Can you see yourself as a winner? Can you see yourself, as master coach Robert Hargrove asks, living an inspiring impossible future that you can passionately engage in?
Can you begin to live that future right now?
One of our challenges is that often we are semi-guided missiles. We have a target, maybe, but once we hit it, we’re done. And it’s off to the next target.
This is fine, if we’re enjoying the journey. It’s deadly if we’re not.
We have to keep our eye on the separation between who we are and who we want to become. Of course, we’re all about change and growth and learning and all that good stuff, but just like your vision of an impossible future draws you forwards, it can pull you away from the present moment where all the gifts and all the blessings are.
The great dance is to embrace the present moment as fully as possible with all its faults and shortcomings, and yet move ahead trying to learn, and grow, and even do the impossible. Impossible is the way of the universe, by the way. Impossible stuff like flowers and babies are happening in and around you all the time. It’s how you play the game of life that matters.
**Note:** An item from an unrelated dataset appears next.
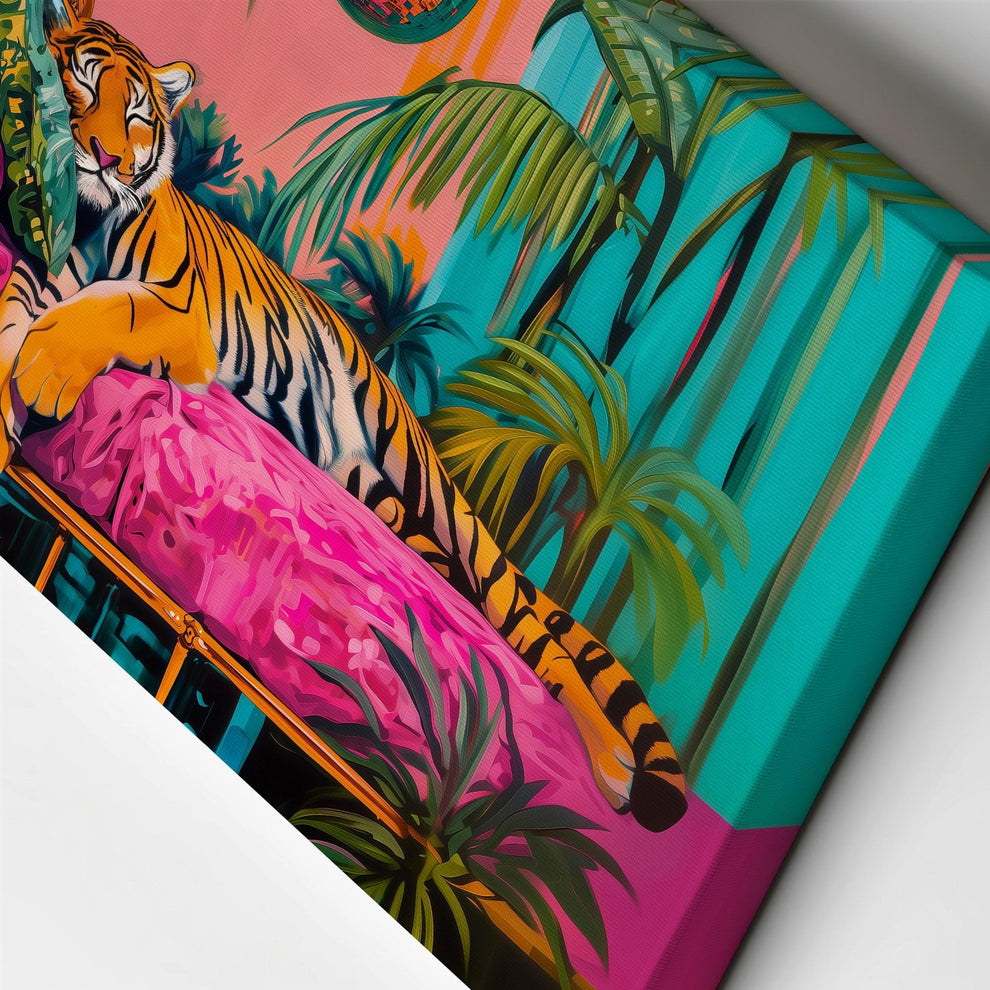 Tiger Sleeping Under A Disco Ball - Horizontal Wall Art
That having been said, here’s an interesting little win/lose game for you to play.

Ask yourself, and answer quickly and generously, “How have I won?”
            Here are some of my answers to serve as an example.

I have won the being a human game (rather than the being a pet rock or an ashtray game).
I have won the love game.
I have won the divorce game.
I have won the parenting game.

I have won the being a son game.
I have won the great place to live game.
I have won the real estate game.

I have won the laughter game.
I have won the spiritual journey game.
I have won the education game.
I have won the health game.

I have won the travel game.
I have won the love of nature game.
I have won the friendship game.
I have won the writing game.

How can you win at divorce? I won because we did it well, with respect and decency and concern for the children. How can you say you won the real estate game? A few articles ago, you said you lost your shirt this last year. I did, but I’ve done some great remodels and I’ve made much more than I’ve lost.
Play the game. Look at all the things you have ‘won’. Did you learn to speak, walk, and write? If so, you’ve won the speaking game, the walking game and the writing game. Have you ever loved anyone or anything? Then you’ve won the love game.
The idea is to take your winnings to heart and embrace them.
So, how are you a winner? What have you won?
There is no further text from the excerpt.